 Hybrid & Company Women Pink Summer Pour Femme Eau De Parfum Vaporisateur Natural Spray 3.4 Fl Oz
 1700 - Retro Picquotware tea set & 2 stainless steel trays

+++

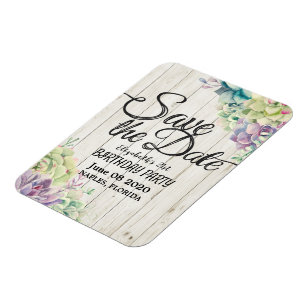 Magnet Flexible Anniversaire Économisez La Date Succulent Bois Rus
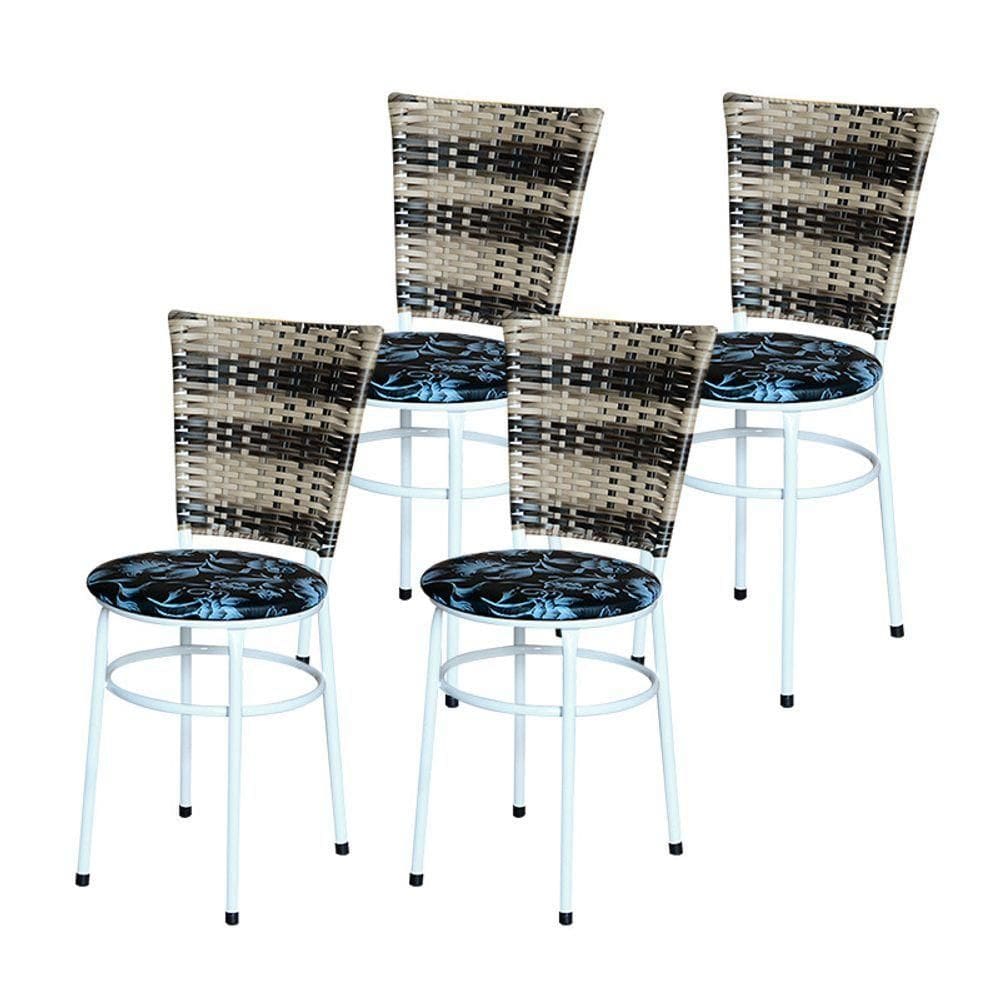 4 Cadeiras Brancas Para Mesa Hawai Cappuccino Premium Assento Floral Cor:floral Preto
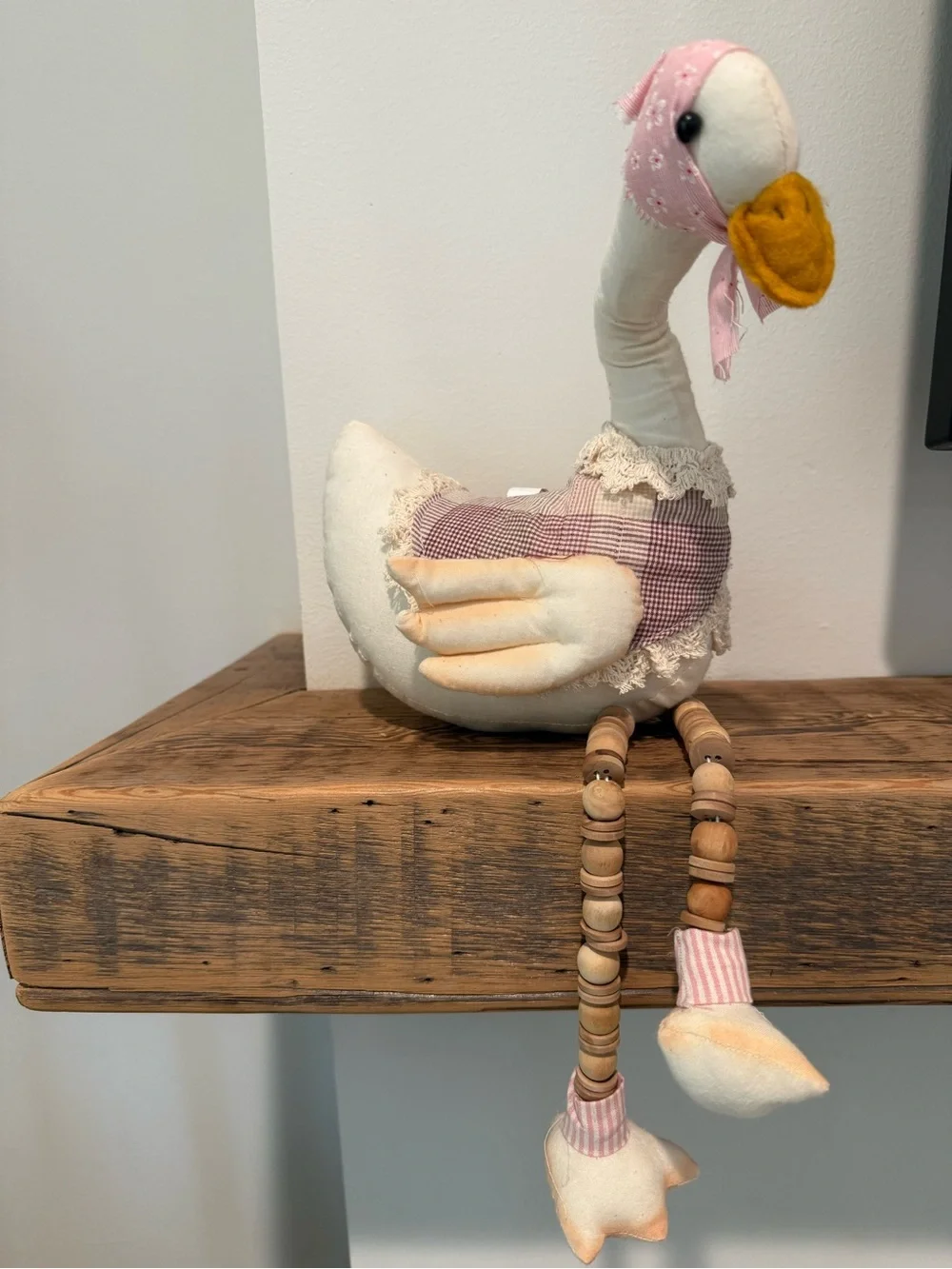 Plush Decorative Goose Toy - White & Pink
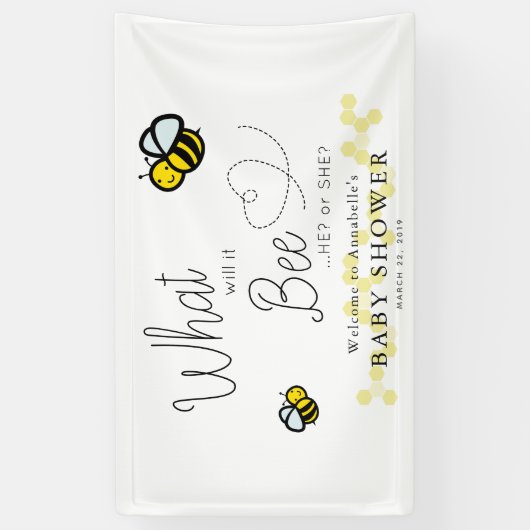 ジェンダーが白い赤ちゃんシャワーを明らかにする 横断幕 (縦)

+++

• [YOUR INSTRUCTIONS]:
From the entries above, print the lines beginning at the one with "Hybrid & Company" and stopping after the one with "1700 - Retro", exactly as written and with nothing else.

• [WRITTEN REPLY]:
 Hybrid & Company Women Pink Summer Pour Femme Eau De Parfum Vaporisateur Natural Spray 3.4 Fl Oz
 1700 - Retro Picquotware tea set & 2 stainless steel trays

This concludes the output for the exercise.